**Problem description:** The listing below should be printed in full and exactly, apart from its images.
Start of Exercise data
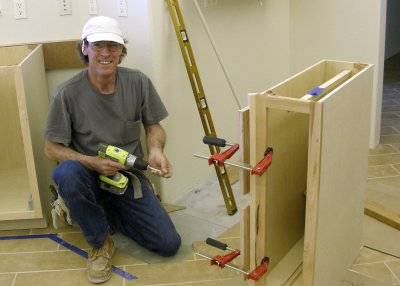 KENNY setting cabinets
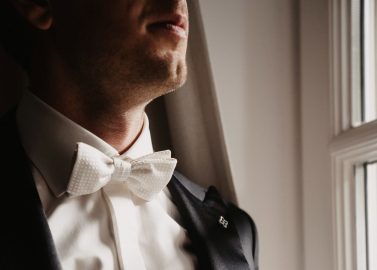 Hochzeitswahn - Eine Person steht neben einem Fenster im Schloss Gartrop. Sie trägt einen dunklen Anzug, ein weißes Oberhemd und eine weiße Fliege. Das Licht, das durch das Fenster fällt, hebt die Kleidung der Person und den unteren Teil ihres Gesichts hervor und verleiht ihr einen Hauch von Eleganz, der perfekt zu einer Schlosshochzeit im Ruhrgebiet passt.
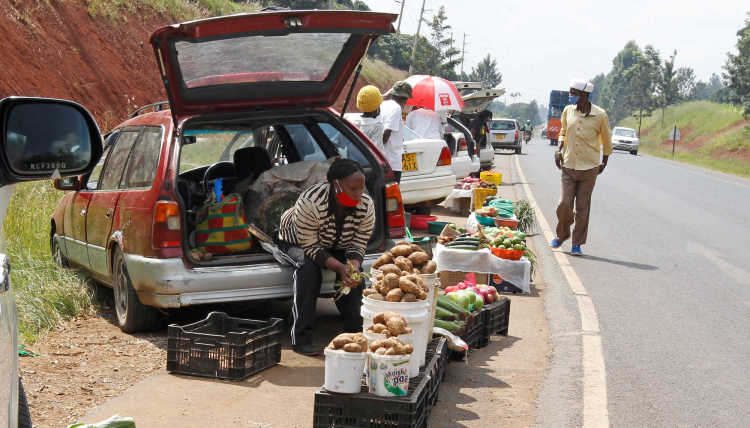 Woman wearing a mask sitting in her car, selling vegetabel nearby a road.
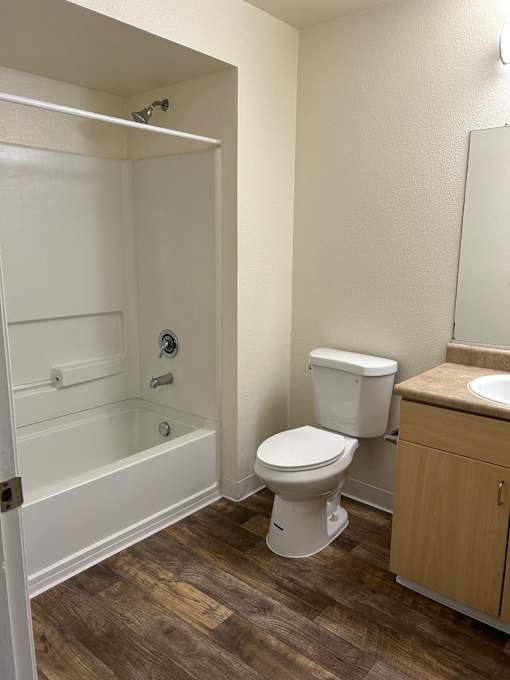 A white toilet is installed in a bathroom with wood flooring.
End of Exercise data
**Result of the exercise:**
 KENNY setting cabinets
 Hochzeitswahn - Eine Person steht neben einem Fenster im Schloss Gartrop. Sie trägt einen dunklen Anzug, ein weißes Oberhemd und eine weiße Fliege. Das Licht, das durch das Fenster fällt, hebt die Kleidung der Person und den unteren Teil ihres Gesichts hervor und verleiht ihr einen Hauch von Eleganz, der perfekt zu einer Schlosshochzeit im Ruhrgebiet passt.
 Woman wearing a mask sitting in her car, selling vegetabel nearby a road.
 A white toilet is installed in a bathroom with wood flooring.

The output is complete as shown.